Se sintió insultada, en su alma de noble guerrera, por la cobardía de vivir sin honor.
Emplumó sus orejas, a la manera Guaraní, tatuó su barbilla, según la tradición Touareg, y se dispuso a despedazar la cobardía con sus propios dientes, si
fuese necesario.
Un animal salvaje, desconocido, furioso, brotó de lo más hondo de su ser, ante la deshonra continuada. Añoró sus tierras, “las tierras malas”, que nadie quiso, y que ella amaba con pasión.
El recuerdo de aquella tierra roja, venturosa y feliz que le había devuelto la felicidad y la fiereza, la acarició. Pensaba que ya todo estaba perdido, cuando llegó
allí, de la mano de su compañero, de mil lágrimas derramadas, melancólicos los dos por un mundo que ya no existía.
Deseó volver a recorrer aquellos páramos que la hicieron feliz. Aquel desierto amado, arenoso en los Jables, y pedregoso en la Hamada.

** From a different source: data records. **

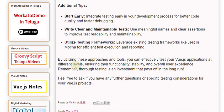Remember, thorough testing is an investment that pays off in the long run. Feel free to ask if you have any further questions or specific testing considerations for your Vue.js projects.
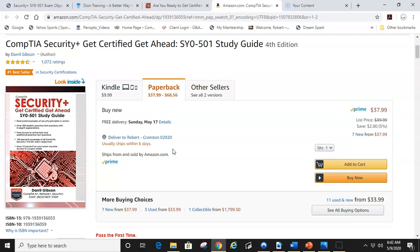It is by far, hands down, the best text out there. He gives you a 10% off voucher towards the test. And you just can't go wrong with these two study materials. Jason Dion Training and Daryl Gibson Get Certified Get Ahead.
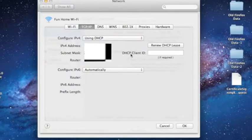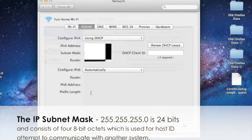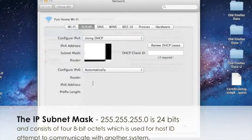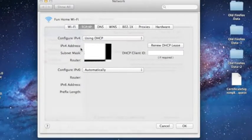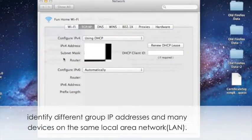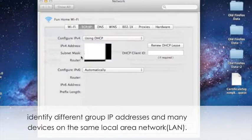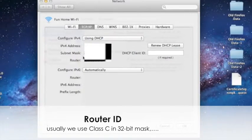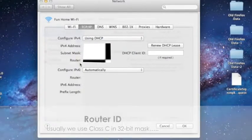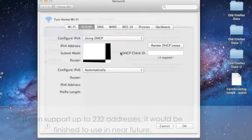The IP subnet mask is 24-bit and consists of four 8-bit octets, which is used for the host ID to attempt to communicate with another system, identify different groups of IP addresses, and many devices on the same local area network as LAN. The router ID requests the IP address from the IPv4. IPv4 can support up to 2 to the 32 addresses.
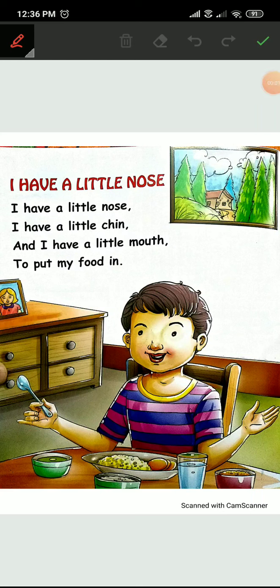My dear ones, how are you all? Hope you all are fine. Sab maje mein hoge na? So, today we will learn a new poem.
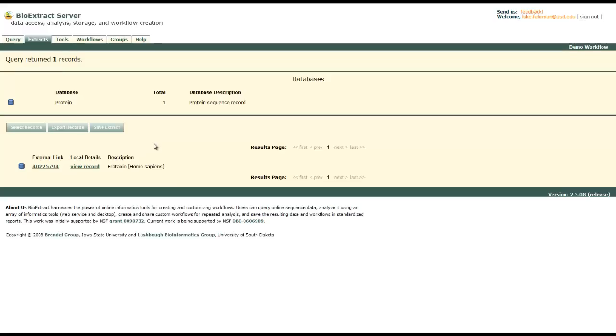We could export this file if we'd like. We could save it on our own drive, use it in Jalview if we didn't like using the tools from BioExtract Server. But personally I do.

Su mente tenía
grabada cada cima de cada montaña, cada sendero, cada gavia.
Sin amor, sólo deseaba ser mecida por el rumor del mar y la música del viento. Caminaría sin descanso, para siempre, en un eterno peregrinar. Como golondrina de
África, volaría de nuevo a aquellas tierras, jamás abandonadas, sólo por un instante, el mismo instante en que fue desafiada, de manera brutal. Se juró no soportar más aquel despropósito de ignorancia, y tornó a ser salvaje, nómada mezcla de navegantes portugueses, cristianos nuevos del Reino de Navarra.
Su sangre africana se mezcló con sus orejas emplumadas, a la moda guaraní, tupí, y emprendió el camino para no regresar jamás.